Task description →
Set down all of the lines below exactly as they are given.
======== Data supplied
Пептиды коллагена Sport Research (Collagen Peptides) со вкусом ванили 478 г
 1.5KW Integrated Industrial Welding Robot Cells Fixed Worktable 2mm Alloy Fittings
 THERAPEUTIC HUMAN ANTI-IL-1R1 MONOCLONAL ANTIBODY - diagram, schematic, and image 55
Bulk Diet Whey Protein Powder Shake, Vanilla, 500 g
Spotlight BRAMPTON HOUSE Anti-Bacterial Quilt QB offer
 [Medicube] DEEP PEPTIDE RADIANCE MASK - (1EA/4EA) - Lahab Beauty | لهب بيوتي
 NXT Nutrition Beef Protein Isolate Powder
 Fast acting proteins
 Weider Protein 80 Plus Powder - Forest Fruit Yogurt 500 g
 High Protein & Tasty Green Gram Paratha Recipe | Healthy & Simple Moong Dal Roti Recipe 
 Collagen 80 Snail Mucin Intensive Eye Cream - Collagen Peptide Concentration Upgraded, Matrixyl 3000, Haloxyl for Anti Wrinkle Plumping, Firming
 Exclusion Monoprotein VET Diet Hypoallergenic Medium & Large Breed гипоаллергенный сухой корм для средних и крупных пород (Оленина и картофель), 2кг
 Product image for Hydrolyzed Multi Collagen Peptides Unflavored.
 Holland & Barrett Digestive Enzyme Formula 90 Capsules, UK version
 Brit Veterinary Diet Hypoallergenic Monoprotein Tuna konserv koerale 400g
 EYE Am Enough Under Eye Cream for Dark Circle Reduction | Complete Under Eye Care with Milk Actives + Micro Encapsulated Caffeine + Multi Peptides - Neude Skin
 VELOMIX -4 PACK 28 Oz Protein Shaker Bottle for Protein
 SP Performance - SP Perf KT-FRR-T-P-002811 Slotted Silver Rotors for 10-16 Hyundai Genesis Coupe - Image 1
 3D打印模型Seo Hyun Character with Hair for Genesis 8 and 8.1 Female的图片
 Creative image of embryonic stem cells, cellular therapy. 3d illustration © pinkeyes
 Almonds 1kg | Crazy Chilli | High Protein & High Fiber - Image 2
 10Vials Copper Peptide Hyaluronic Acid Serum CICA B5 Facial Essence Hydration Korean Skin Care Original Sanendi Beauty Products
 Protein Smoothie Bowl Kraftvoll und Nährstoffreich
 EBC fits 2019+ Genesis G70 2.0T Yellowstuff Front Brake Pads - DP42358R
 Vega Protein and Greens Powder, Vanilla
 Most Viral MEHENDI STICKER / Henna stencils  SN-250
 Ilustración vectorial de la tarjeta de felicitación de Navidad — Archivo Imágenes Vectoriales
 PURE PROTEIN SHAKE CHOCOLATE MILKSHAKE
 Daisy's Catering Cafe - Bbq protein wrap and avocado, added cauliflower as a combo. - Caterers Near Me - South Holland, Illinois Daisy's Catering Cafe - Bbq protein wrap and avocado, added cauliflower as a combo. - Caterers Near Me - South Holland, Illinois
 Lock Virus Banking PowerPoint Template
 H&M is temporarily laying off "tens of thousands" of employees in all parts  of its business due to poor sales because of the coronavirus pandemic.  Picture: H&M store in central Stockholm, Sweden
================
Solution for this exercise →
Пептиды коллагена Sport Research (Collagen Peptides) со вкусом ванили 478 г
 1.5KW Integrated Industrial Welding Robot Cells Fixed Worktable 2mm Alloy Fittings
 THERAPEUTIC HUMAN ANTI-IL-1R1 MONOCLONAL ANTIBODY - diagram, schematic, and image 55
Bulk Diet Whey Protein Powder Shake, Vanilla, 500 g
Spotlight BRAMPTON HOUSE Anti-Bacterial Quilt QB offer
 [Medicube] DEEP PEPTIDE RADIANCE MASK - (1EA/4EA) - Lahab Beauty | لهب بيوتي
 NXT Nutrition Beef Protein Isolate Powder
 Fast acting proteins
 Weider Protein 80 Plus Powder - Forest Fruit Yogurt 500 g
 High Protein & Tasty Green Gram Paratha Recipe | Healthy & Simple Moong Dal Roti Recipe 
 Collagen 80 Snail Mucin Intensive Eye Cream - Collagen Peptide Concentration Upgraded, Matrixyl 3000, Haloxyl for Anti Wrinkle Plumping, Firming
 Exclusion Monoprotein VET Diet Hypoallergenic Medium & Large Breed гипоаллергенный сухой корм для средних и крупных пород (Оленина и картофель), 2кг
 Product image for Hydrolyzed Multi Collagen Peptides Unflavored.
 Holland & Barrett Digestive Enzyme Formula 90 Capsules, UK version
 Brit Veterinary Diet Hypoallergenic Monoprotein Tuna konserv koerale 400g
 EYE Am Enough Under Eye Cream for Dark Circle Reduction | Complete Under Eye Care with Milk Actives + Micro Encapsulated Caffeine + Multi Peptides - Neude Skin
 VELOMIX -4 PACK 28 Oz Protein Shaker Bottle for Protein
 SP Performance - SP Perf KT-FRR-T-P-002811 Slotted Silver Rotors for 10-16 Hyundai Genesis Coupe - Image 1
 3D打印模型Seo Hyun Character with Hair for Genesis 8 and 8.1 Female的图片
 Creative image of embryonic stem cells, cellular therapy. 3d illustration © pinkeyes
 Almonds 1kg | Crazy Chilli | High Protein & High Fiber - Image 2
 10Vials Copper Peptide Hyaluronic Acid Serum CICA B5 Facial Essence Hydration Korean Skin Care Original Sanendi Beauty Products
 Protein Smoothie Bowl Kraftvoll und Nährstoffreich
 EBC fits 2019+ Genesis G70 2.0T Yellowstuff Front Brake Pads - DP42358R
 Vega Protein and Greens Powder, Vanilla
 Most Viral MEHENDI STICKER / Henna stencils  SN-250
 Ilustración vectorial de la tarjeta de felicitación de Navidad — Archivo Imágenes Vectoriales
 PURE PROTEIN SHAKE CHOCOLATE MILKSHAKE
 Daisy's Catering Cafe - Bbq protein wrap and avocado, added cauliflower as a combo. - Caterers Near Me - South Holland, Illinois Daisy's Catering Cafe - Bbq protein wrap and avocado, added cauliflower as a combo. - Caterers Near Me - South Holland, Illinois
 Lock Virus Banking PowerPoint Template
 H&M is temporarily laying off "tens of thousands" of employees in all parts  of its business due to poor sales because of the coronavirus pandemic.  Picture: H&M store in central Stockholm, Sweden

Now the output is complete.